The most notable move in positioning this week is the sharp pullback in short interest. Shorts fell 8% on the week to 3.2% of free float — a level too modest to signal a crowded trade, but the speed of the exit is worth noting. The bulk of the drop came on July 9, when shares short fell by roughly 230,000 in a single session, and have held near that lower level since. Borrowing costs remain cheap at 0.43%, and borrow availability is extraordinarily loose, running near 2,956% — meaning shares in the lending pool dwarf the number currently borrowed. There is no squeeze pressure in this market.
Options tell a different story from shorts, though not an alarming one. The put/call ratio of 4.34 is rich on an absolute basis, but it is running below its 20-day average of 5.63 — putting it roughly 0.8 standard deviations lighter on hedging demand than has been typical recently. What makes the longer trend notable is the direction of travel: PCR has fallen consistently from levels near 8–10 in late June, a substantial unwinding of defensive positioning over the past three weeks. Options traders appear to have been net sellers of downside protection heading into the print, not buyers. The 52-week PCR range — with a high of 11.85 and a low of 0.12 — signals that the current reading is well off the most fearful levels seen this year.
Analyst opinion in the final pre-earnings window is split in a revealing way. Truist Securities (Buy) lowered its target this week from $221 to $209, the second trim since late April, while B of A Securities (Buy) moved in the opposite direction, raising its target from $202 to $210. Citigroup sits at Neutral with a $184 target, clipped again this week from $185. The mean target across the Street is $200.80, roughly 28% above the current price of $157.16 — suggesting genuine conviction in long-term upside, but also that the stock has drifted well below where analysts thought it would be. J.P. Morgan (Overweight) cut its target from $205 to $185 back in April, widening the bulls-vs-neutral gap. Forward earnings momentum is a relative bright spot: the 12-month forward EPS growth factor ranks in the 86th percentile of the universe, while the dividend score ranks at the 98th — AVY is one of the stronger income names in the packaging space by this measure. EV/EBITDA has drifted up to around 10.4x over the past month, and P/E is 15.4x — undemanding multiples if the company can sustain margins.

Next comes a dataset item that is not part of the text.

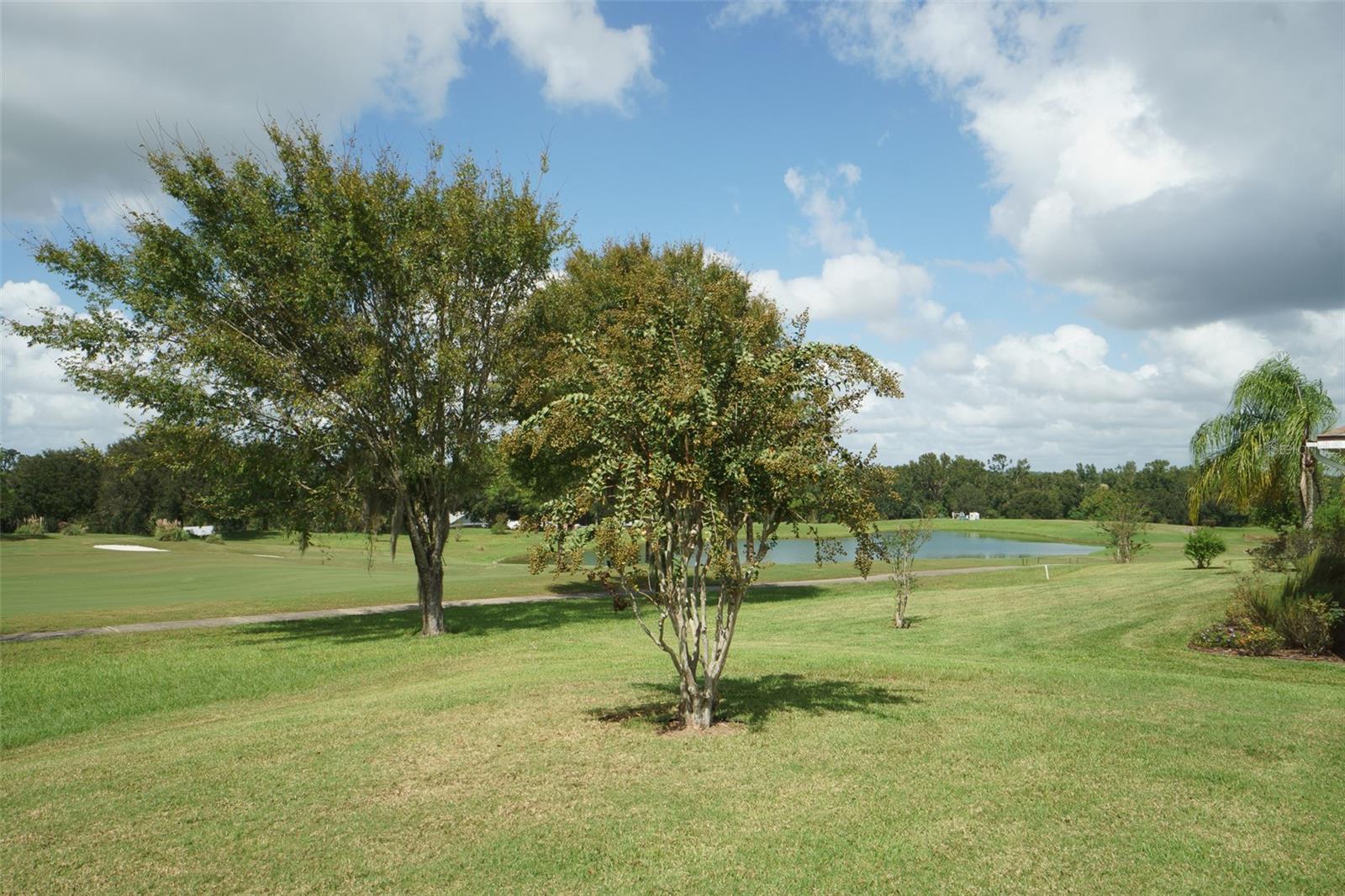 13217 THOROUGHBRED DR, DADE CITY, FL, 33525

The sector backdrop adds context to the week's 4.4% decline. Among AVY's closest packaging peers, AMBP fell nearly 7% on the week — the worst performer in the group — while ATR managed a 0.5% gain, the only peer in positive territory. CCK and AMCR both dropped 2–4%, suggesting the softness in AVY is sector-wide rather than company-specific. The outlier is OI, which collapsed 14% on the week and 12% on Tuesday alone — an idiosyncratic move that highlights the credit-sensitive risks sitting elsewhere in the packaging complex that AVY, with its comparatively stable demand profile, has so far avoided.
On July 22, the sharpest question is whether RFID/intelligent labels growth in the Solutions segment can offset the anticipated softness in apparel volumes — that tension, rather than any squeeze dynamic in the lending market, is where the week's positioning debate ultimately lands.